We come now to a most disappointing set of statistics. The graduation rate of African-American students at the nation’s historically black colleges and universities (HBCUs) tends to be much lower than the graduation rate for black students at the nation’s highest-ranked institutions. Yet the graduation rate at a significant number of HBCUs is well above the nationwide average for black student graduations, which, as stated earlier, currently stands at an extremely low rate of 43 percent.

By a large margin, the highest black student graduation rate at a historically black college belongs to the academically selective, all-women Spelman College in the city of Atlanta. In fact, the Spelman black student graduation rate of 77 percent is higher than the black student graduation rate at 12 of the nation’s 56 high-ranking predominantly white colleges and universities referred to earlier. Spelman’s unusual strength shows in the fact that it has a higher black student graduation rate than do such prestigious and primarily white colleges as Bates, Colby, Berkeley, UCLA, Michigan, Claremont McKenna, Chapel Hill, and Carnegie Mellon.

Following Spelman in the rankings, the next-highest black student graduation rate among the HBCUs was at Fisk University. At Fisk, 63 percent of the entering black students go on to graduate within six years. Claflin University also has a black student graduation rate of 63 percent. Hampton University, Miles College, Howard University, Morehouse College, and Elizabeth City State University in North Carolina sadly are the only other HBCUs that graduate at least half of their black students within six years.

Here is the worst news of all: At 20 HBCUs two thirds or more of all entering black students do not go on to earn a diploma. The lowest graduation rate was at the University of the District of Columbia, where only 8 percent of entering freshmen go on to earn a bachelor’s degree. At Texas Southern University in Houston, 15 percent of entering students complete college.

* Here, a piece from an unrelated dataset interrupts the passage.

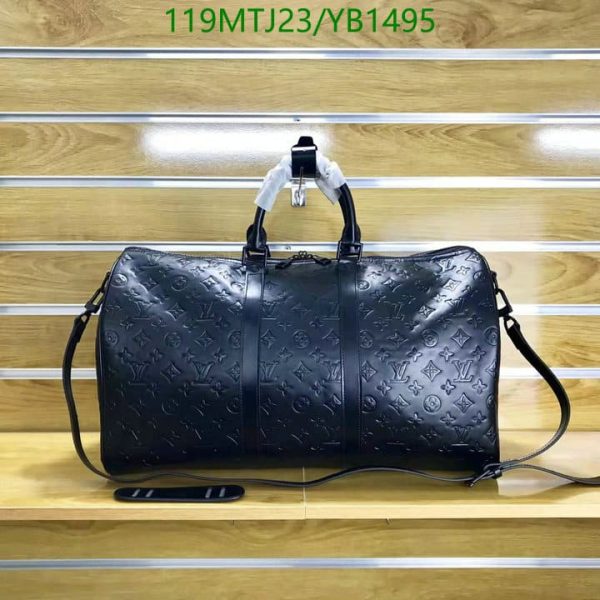 Louis Vuitton AAA+ Replica Duffle Bag YB14956543789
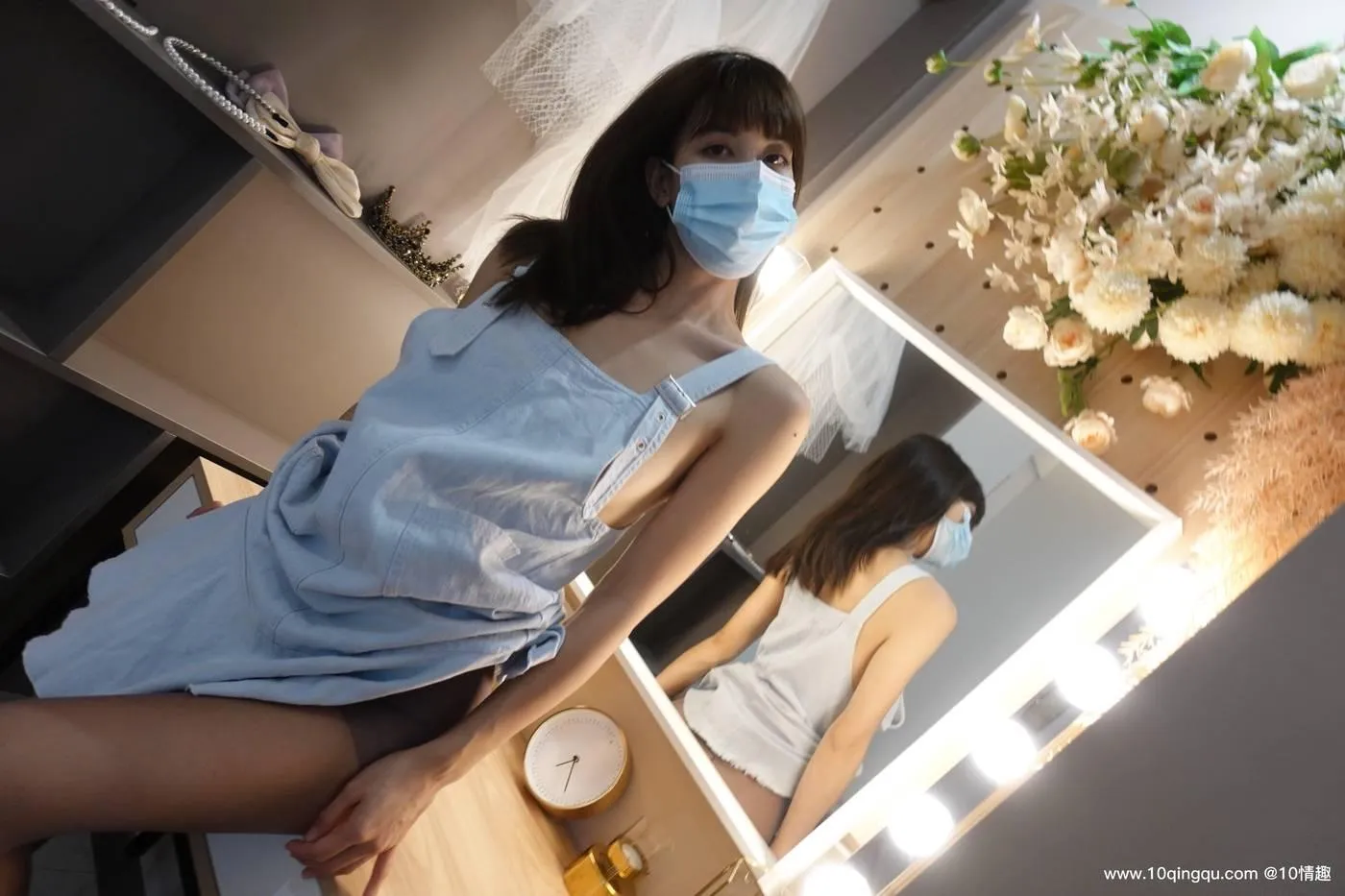 [ROSI口罩系列]2021.05.14 NO.1797[54P]插图2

The low graduation rates at black colleges are due to a number of reasons. Many of the students enrolled at these institutions are from low-income families, often ones in which there are few books in the home and where neither parent nor grandparent went to college. In addition, the black colleges on the whole have very small and totally inadequate endowments. They often lack the resources necessary to generate funds for student financial aid. Often they are unable to furnish sufficient aid packages for upperclassmen to permit them to stay in school. This circumstance appears to be a major factor in accounting for the low black student graduation rate at these schools. But probably the most important explanation for the high dropout rate at the black colleges is the fact that large numbers of African-American HBCU students do not come to college with strong academic preparation and study habits. The graduation results at the HBCUs are worsened by the fact that flagship universities in the southern states often tend to shuttle the lowest-performing black applicants into the state-controlled black colleges in their states.

The discussion comments ranged greatly; however, most believe that ranking is determined by admission practices.  Schools with a liberal admission practice tend to rank lower.  On the other hand, schools ranking high practice a more restrictive admission program.  To read the entire article, please log on at http://www.jbhe.com/preview/winter07preview.html.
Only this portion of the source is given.